FARMINGDALE, N.Y. — On Sunday evening, Jazz Janewattananond, a Bethpage first-timer by way of Bangkok, was milling with his entourage near the entrance to the red-brick clubhouse at this sprawling state-run golf facility. The 23-year-old had just signed for a seven-over-par 77 on a breezy day on the lethal Black Course that bounced him from a tie for second after 54 holes to a forgettable T-14, a distant 10 strokes behind the victor, Brooks Koepka of Jupiter, Fla.

Regrets? Just one, Jazz said, and it wasn’t bogeying six of his last seven holes to fade from contention. The kid was bummed he hadn’t yet tried New York pizza.

“We’ll get pizza tonight!” cried one of his comrades.

Jazz grinned as if he’d just won the Wanamaker.

“Yes, we’ll get pizza tonight!” he said.

Jazz made a name for himself on Long Island this week, and not just because his actual name barely fit on the leaderboards. (It’s pronounced just as it looks, by the way: Jane-what-a-NAN-ond.) With a steady diet of hammered tee shots and clutch putting, the three-time Asian Tour winner who also moonlights on the European Tour coolly hung up rounds of 70-68-67 before his Sunday swoon. That, to steal an unfortunate bit of golf-commentator parlance, is seriously golfing your ball.
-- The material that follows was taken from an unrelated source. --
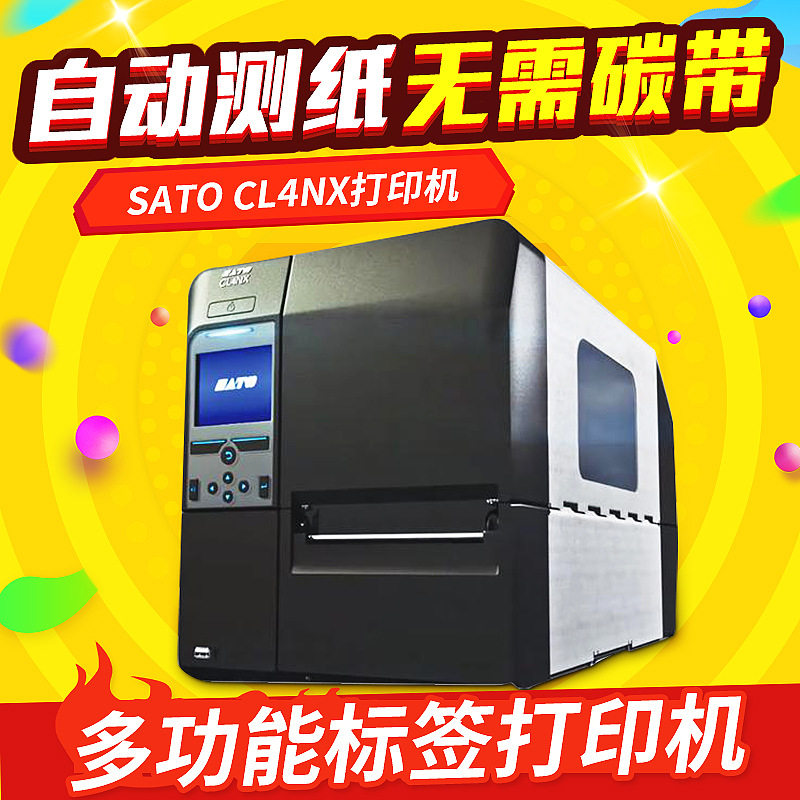 SATO CL4NX全球通用型智能条码打印机,3.5寸全彩LCD显示屏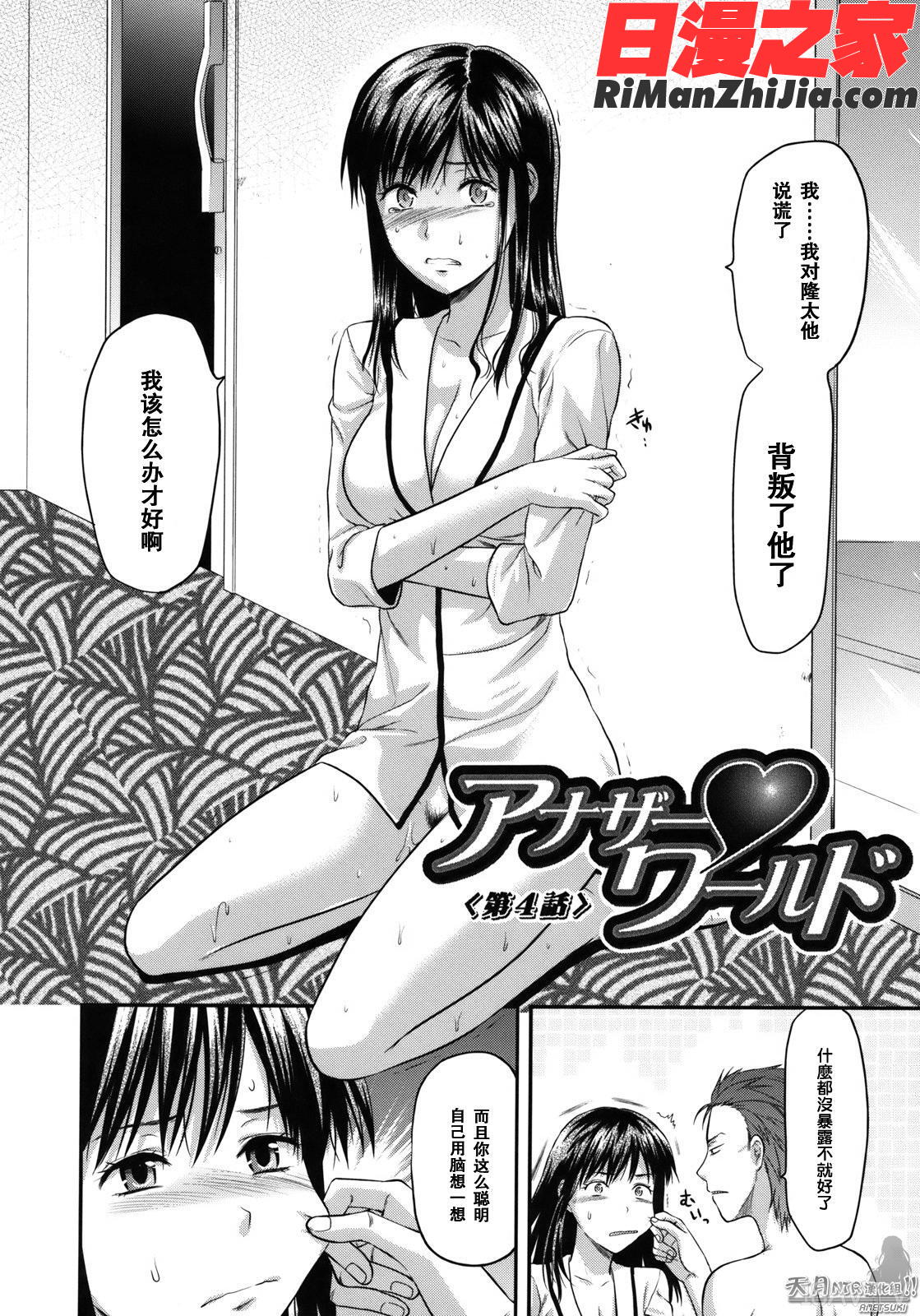 アナザーｖワールド漫画 免费阅读 整部漫画 78.jpg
On this course? In these conditions? From a guy who has played on only one other course stateside (Colonial Country Club, two years ago)? Fuggedaboutit.

Jazz Janewattananond on Sunday at the 2019 PGA Championship at Bethpage Black.
Jazz Janewattananond on Sunday at the 2019 PGA Championship at Bethpage Black.
Peter Casey/USA TODAY Sports

Jazz’s first welcome-to-the-bigs moment came on Monday, when he trudged through the rain and slop at Bethpage to play a practice round. How I am going to play this course, he thought. I’m not going to break 80. But the real stunner was he wasn’t alone. “There were people everywhere,” he said. “I’m like, ‘What’s going on?’ On the European tour and Asian tour, in practice rounds no one gives a crap, no one’s there. Here there’s thousands and thousands of people. Hit a good shot, they clap, hit a bad shot, they boo. I was like, ‘Ohhhh-kay.'”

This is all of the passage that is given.